*** Opening INFORMATION SHOWN ***
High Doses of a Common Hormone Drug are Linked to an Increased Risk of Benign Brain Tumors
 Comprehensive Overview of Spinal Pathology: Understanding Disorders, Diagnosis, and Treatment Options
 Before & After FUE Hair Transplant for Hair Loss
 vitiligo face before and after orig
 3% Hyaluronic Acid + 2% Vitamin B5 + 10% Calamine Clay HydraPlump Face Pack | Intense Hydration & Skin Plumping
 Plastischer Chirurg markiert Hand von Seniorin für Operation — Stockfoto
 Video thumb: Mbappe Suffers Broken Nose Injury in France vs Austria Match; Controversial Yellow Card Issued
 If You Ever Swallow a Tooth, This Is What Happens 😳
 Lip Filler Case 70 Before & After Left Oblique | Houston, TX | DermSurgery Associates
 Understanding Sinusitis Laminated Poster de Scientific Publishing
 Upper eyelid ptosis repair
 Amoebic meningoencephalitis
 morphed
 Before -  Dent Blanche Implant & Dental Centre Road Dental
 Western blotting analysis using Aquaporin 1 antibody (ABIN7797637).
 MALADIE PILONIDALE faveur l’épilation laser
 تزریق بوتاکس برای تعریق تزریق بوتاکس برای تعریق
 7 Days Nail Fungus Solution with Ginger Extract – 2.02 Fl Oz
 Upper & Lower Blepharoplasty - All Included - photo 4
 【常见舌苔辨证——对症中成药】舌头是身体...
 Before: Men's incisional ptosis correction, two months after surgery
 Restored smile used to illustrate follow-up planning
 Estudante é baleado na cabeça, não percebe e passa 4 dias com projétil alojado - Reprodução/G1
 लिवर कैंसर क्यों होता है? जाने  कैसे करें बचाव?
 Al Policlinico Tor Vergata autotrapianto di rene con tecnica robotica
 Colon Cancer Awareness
*** Closing INFORMATION SHOWN ***
### INSTRUCTIONS TO FOLLOW
State the number of lines in the entries above that contain the word "ptosis", and nothing more.

### SOLUTION BELOW
2